* Task prompt
The required answer is an exact copy of the lines from the one containing "Strong Spas Factory" to the end of the listing, both included, without any pictures.

* Source data
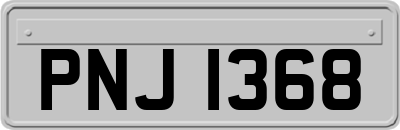 PNJ1368
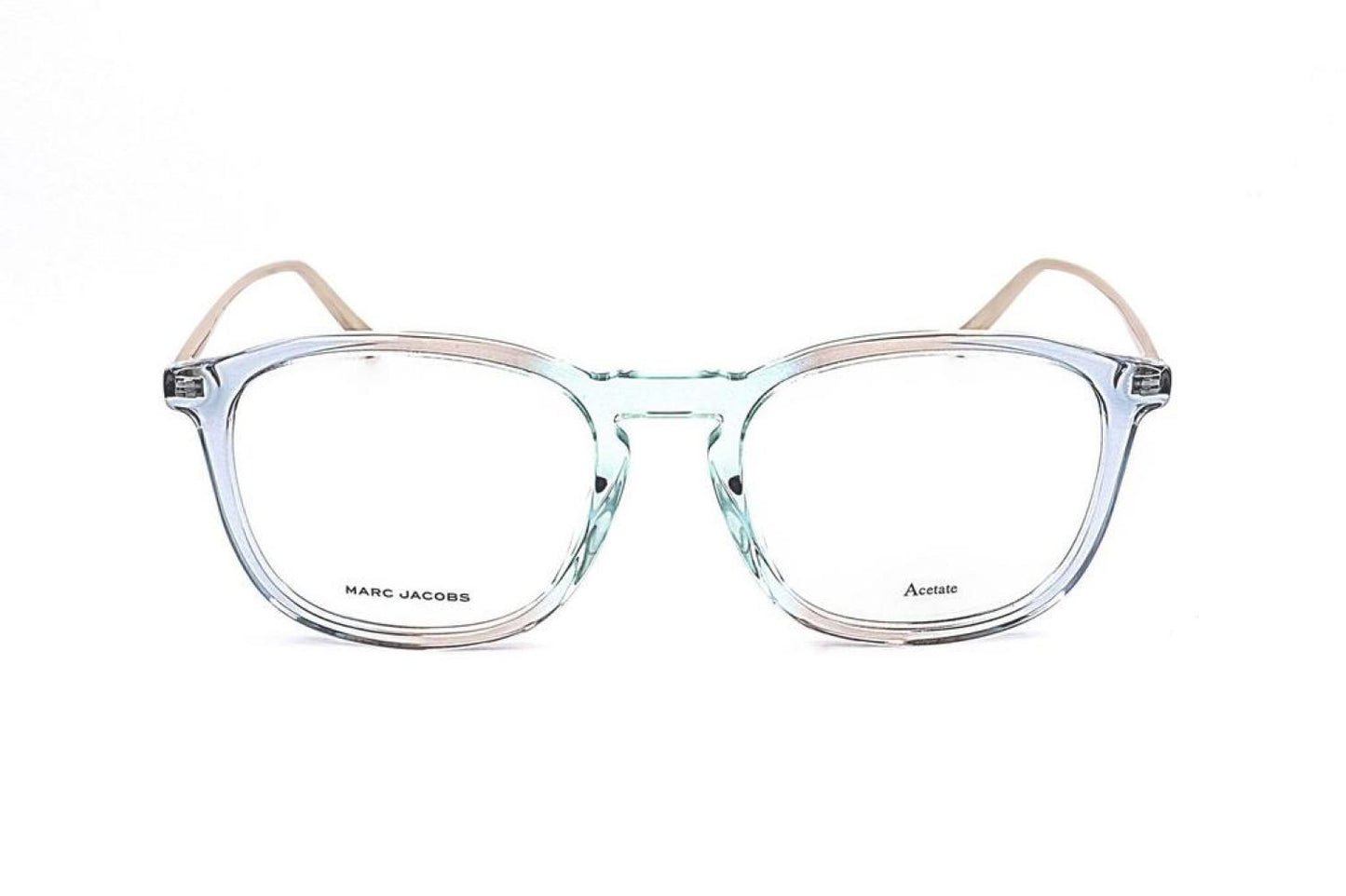 Marc Jacobs Eyewear Square Frame Glasses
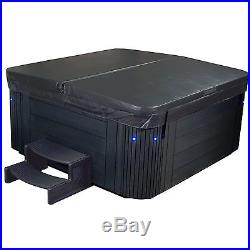 Strong Spas Factory Refurbished Spa Hot Tub Hilton Lounger 120 Non Lounger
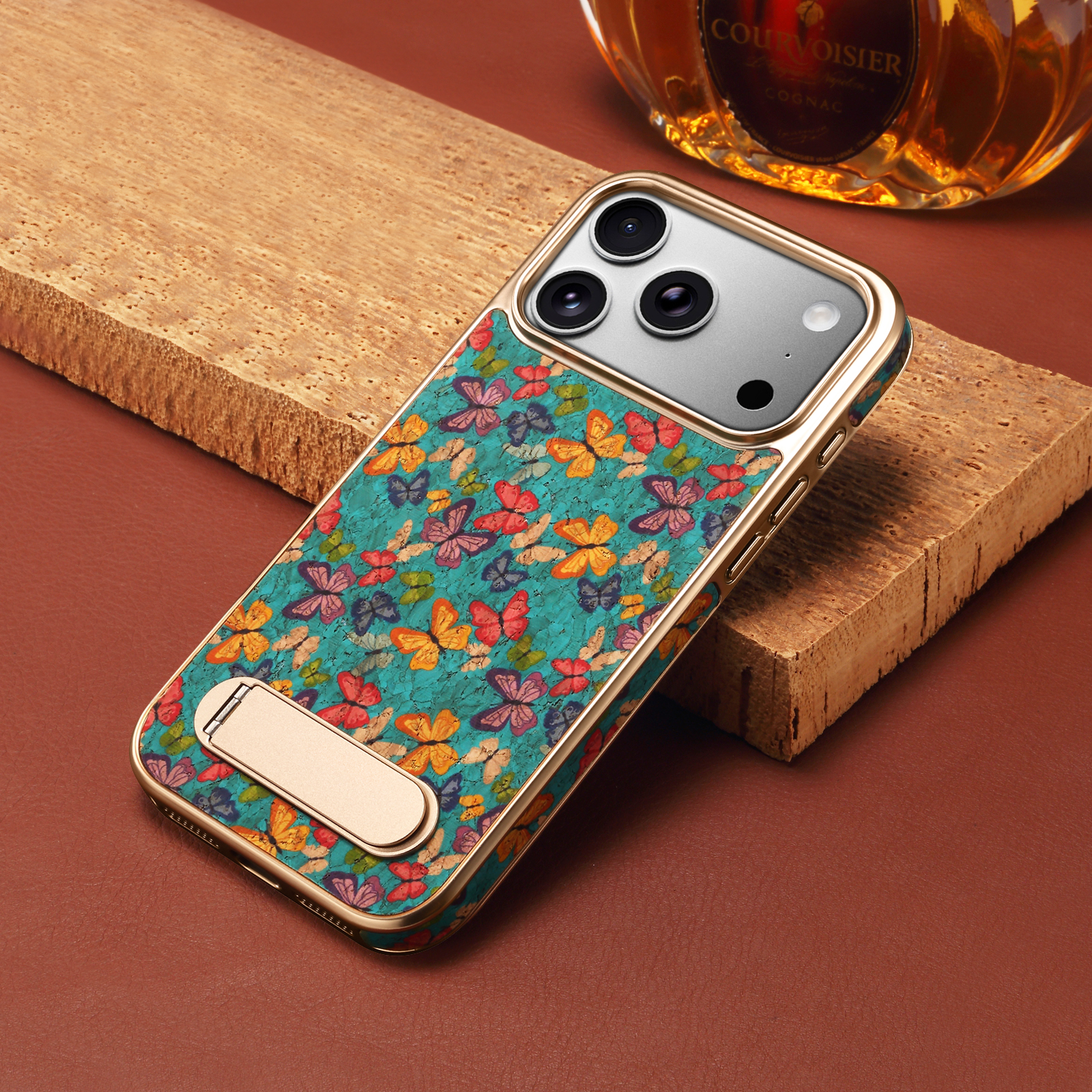 Magnetic Charging Stand - Denior is suitable for iPhone 17/16/15/14/13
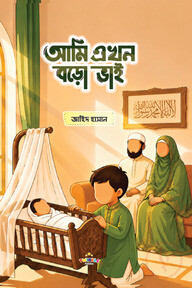 আমি এখন বড়ো ভাই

* Answer to this task
 Strong Spas Factory Refurbished Spa Hot Tub Hilton Lounger 120 Non Lounger
 Magnetic Charging Stand - Denior is suitable for iPhone 17/16/15/14/13
 আমি এখন বড়ো ভাই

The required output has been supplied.